Matt Sampson started off defining the ingredients of a great development site. For the Crown Estate, a great site has the opportunity to meet a genuine local and preferably national need and for Matt personally the opportunity to ‘have a bit of fun’ where “it excites you and the team to deliver something really interesting – what the Quality of Life Foundation might call the ‘wonder of a place’ – as well as letting a site evolve over time, to leave room for messiness.”

It’s about having the opportunity to connect and engage with communities so that they are very much at the heart of what we are doing.

Alex Hearn concurred on impacts for people and their experience of place: “In a world where nobody really needs to go into town any more, you’ve got to persuade them that they want to, and then that will lead to a great development.”

Laura Percy said that it’s no longer enough to think about just creating value for shareholders: “It’s about working with nature and for the planet as well. That’s why we put in a six and a half acre park first at Mayfield, opened up the river, and brought biodiversity and nature back to the site. And now we’re going to see the development of the homes and the offices, places for people to play, to live, to come and bring their kids to in a part of the city that was long forgotten, derelict, had been empty for 40 years”

Sampson says that the Crown Estate are trying to bring forward new development models through a ‘test and learn’ process, with three residential pilot projects.

‘We’re trying to challenge the norms and question what really achieves quality and financial success. We want to learn with others, and prove the concept that investing in quality, investing in character, investing in place does really generate this placemaking premium.”

Turning to the character of a site and whose version of history and character you choose to preserve, Alex Hearn said that Bristol is a bold, brash, messy, anarchic place which has a clear set of priorities.

To me, it’s less important to preserve a defunct 1940s department store than solve our crippling housing shortage and look after the 1600 families living in temporary accommodation.

Talk turned to how to deal with local stakeholder and community fatigue for any site where projects have failed to materialise, and the importance of engaging with new people, to not just preserve existing character but to create quality character of the future.

Laura Percy recounted using gaming tools to engage with a new audience in Lewisham: “Our designers decided to embed the masterplan for Lewisham into [the game platform] Fortnite as a way of engaging. We had a 98% positive response and met 20,000 people over the weekend that just came to just engage in a completely different way which led to a completely different conversation.”

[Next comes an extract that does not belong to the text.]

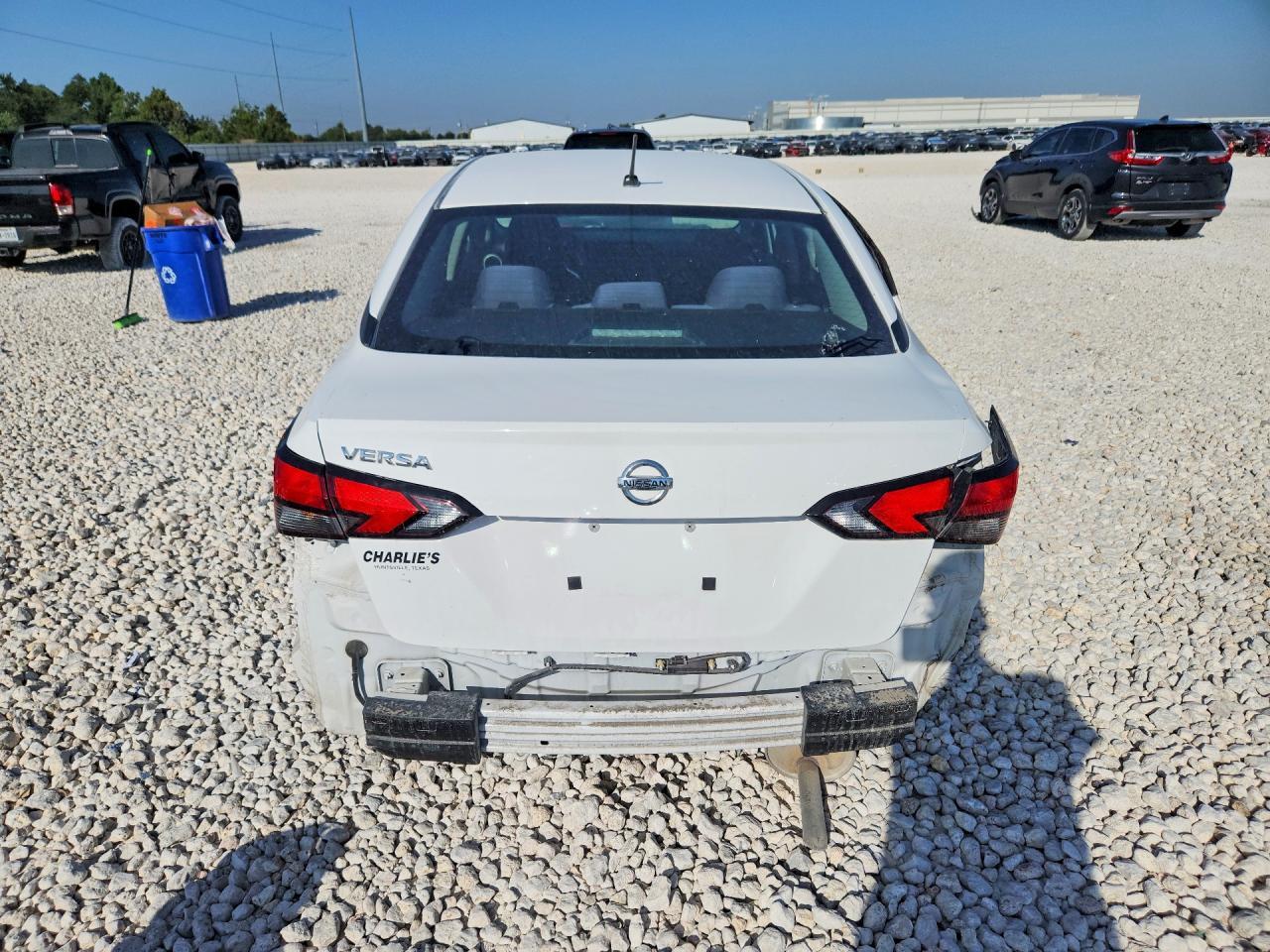 2021 Nissan Versa S - Фото 6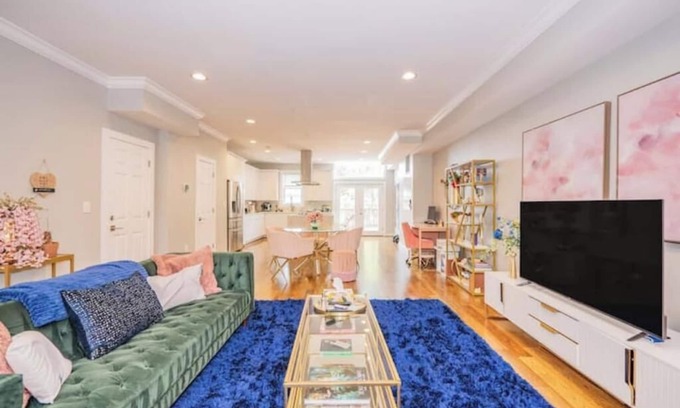 Brightwood Park Apartment | Homie 2BR w/1.5BA Home with Patio & Deck in NW DC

Emma Hatch championed the principle of ‘always meanwhile’ while working with existing assets, to get people in as much as possible to build trust and rapport – a concept of ‘warmability’: “We typically work in joint ventures and have joint venture boards. Through our engagement programmes with schools, we invited some of the local kids to shadow a board to provide challenges and ideas. Some of the suggestions they came up with were much better than those of the commercial agents – they really resonated. What other ways can you hear different voices?”

 

 

The panel proved the point that knotty, complicated sites often yield extraordinary results because of the constraints placed on them, their inherent character, and the ambitions of forward-looking clients and their communities.

Respecting what’s survived on a site shouldn’t result in creating static monuments to a particular version of history. We ought to be making rich ‘future context’ that creates a continuity between what is to come and what has been. Often it’s about seeing opportunities out of legacy structures, infrastructure, site geometries, and social histories. It challenges current development models, but the sooner the better to shift mindsets from ‘minimising the abnormals’ to ‘maximising the novel’.